DESCRIPTION OF THE TASK:
Take from the records below each line that holds "Avenue".

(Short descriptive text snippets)
:::::
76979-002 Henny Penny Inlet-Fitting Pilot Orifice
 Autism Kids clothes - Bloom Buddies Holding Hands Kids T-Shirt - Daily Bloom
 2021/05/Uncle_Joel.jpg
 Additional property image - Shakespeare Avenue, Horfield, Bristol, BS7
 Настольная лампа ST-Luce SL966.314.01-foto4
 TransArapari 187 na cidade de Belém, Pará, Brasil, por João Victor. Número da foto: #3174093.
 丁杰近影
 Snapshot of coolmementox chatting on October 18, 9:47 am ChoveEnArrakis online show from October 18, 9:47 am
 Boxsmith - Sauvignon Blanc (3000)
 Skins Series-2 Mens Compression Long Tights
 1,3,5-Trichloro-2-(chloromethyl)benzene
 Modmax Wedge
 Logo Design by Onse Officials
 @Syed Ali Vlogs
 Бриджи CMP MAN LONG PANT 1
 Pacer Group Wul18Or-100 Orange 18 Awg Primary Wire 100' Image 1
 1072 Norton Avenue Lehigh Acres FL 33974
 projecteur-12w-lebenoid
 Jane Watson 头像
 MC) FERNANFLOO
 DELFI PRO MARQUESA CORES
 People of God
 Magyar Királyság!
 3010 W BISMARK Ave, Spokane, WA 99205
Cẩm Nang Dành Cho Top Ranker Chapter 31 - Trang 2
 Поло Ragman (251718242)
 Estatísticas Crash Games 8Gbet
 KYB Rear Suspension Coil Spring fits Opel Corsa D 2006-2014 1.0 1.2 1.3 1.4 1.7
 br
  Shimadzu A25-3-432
:::::
RESULT:
 Additional property image - Shakespeare Avenue, Horfield, Bristol, BS7
 1072 Norton Avenue Lehigh Acres FL 33974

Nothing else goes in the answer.